# [Assignment]
Everything from the line holding "NBA Los Angeles" to the end of the listing below should be copied exactly, line for line, minus the pictures.
:: Input for this task ::
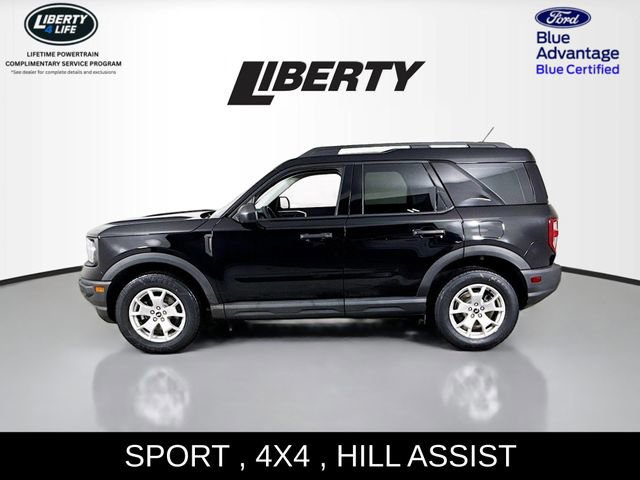 Certified 2021 Ford Bronco Sport image 2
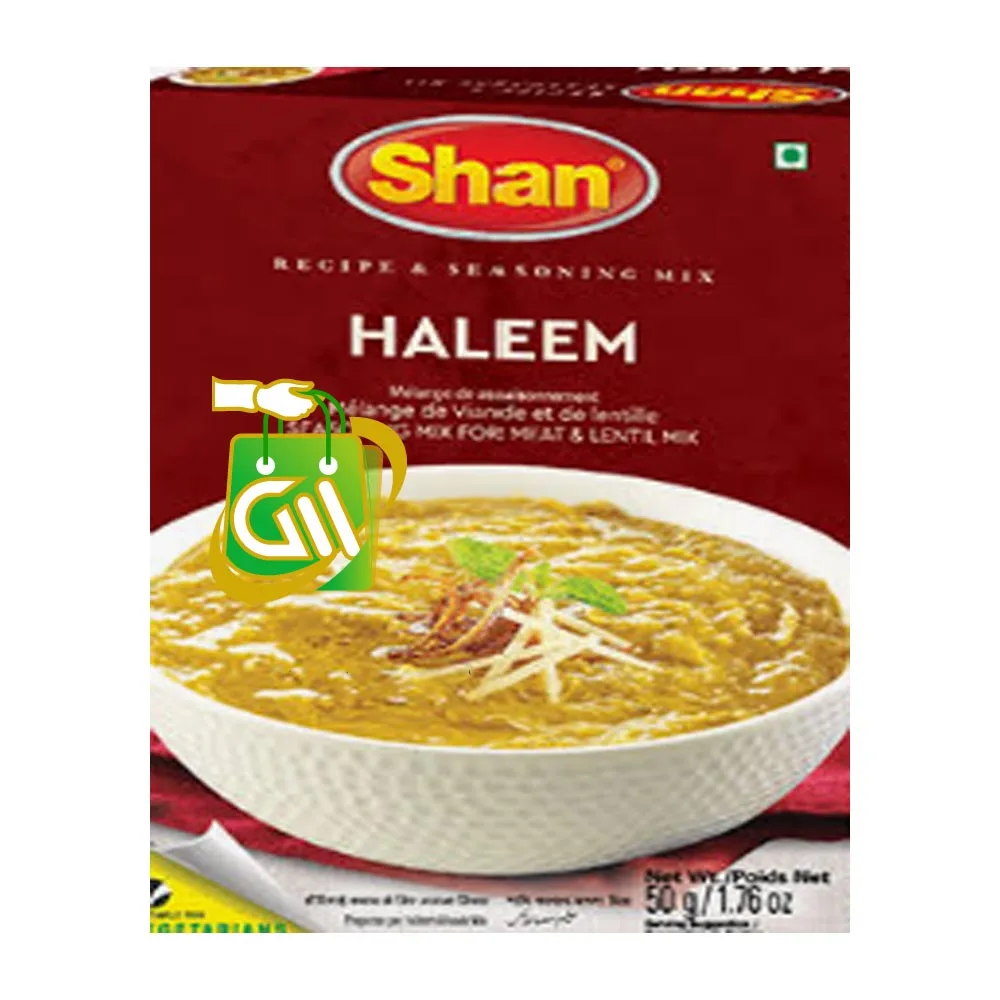 Shan haleem 50g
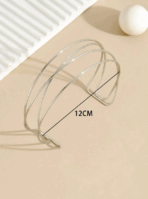 Colar Gargantilha  Linhas Cruzadas - Imagem 2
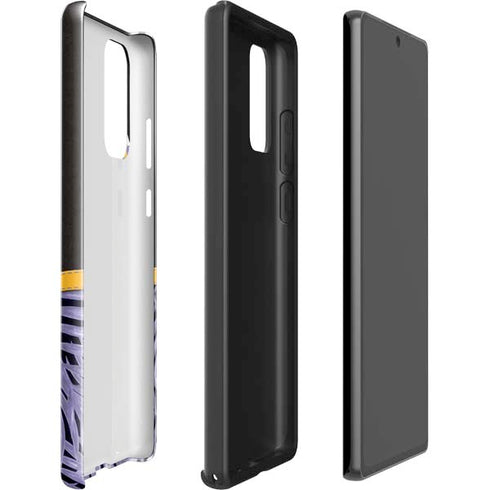 NBA Los Angeles Lakers Retro Palms Galaxy Note20 5G Pro Case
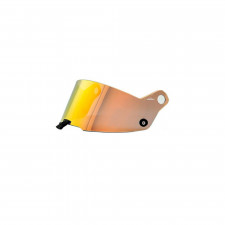Visière Stilo Iridium Jaune Foncé pour Casque ST5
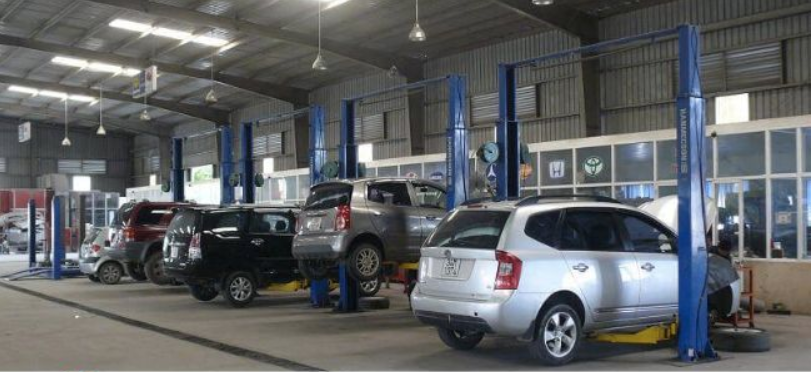 TOP 3 GARAGE BẢO DƯỠNG Ô TÔ CHUYÊN NGHIỆP TẠI HỒ CHÍ MINH
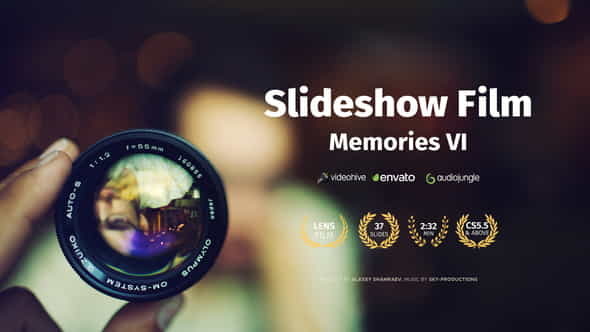 Slideshow Film - VideoHive 24875085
:::
# [Output of the task]
 NBA Los Angeles Lakers Retro Palms Galaxy Note20 5G Pro Case
Visière Stilo Iridium Jaune Foncé pour Casque ST5
 TOP 3 GARAGE BẢO DƯỠNG Ô TÔ CHUYÊN NGHIỆP TẠI HỒ CHÍ MINH
 Slideshow Film - VideoHive 24875085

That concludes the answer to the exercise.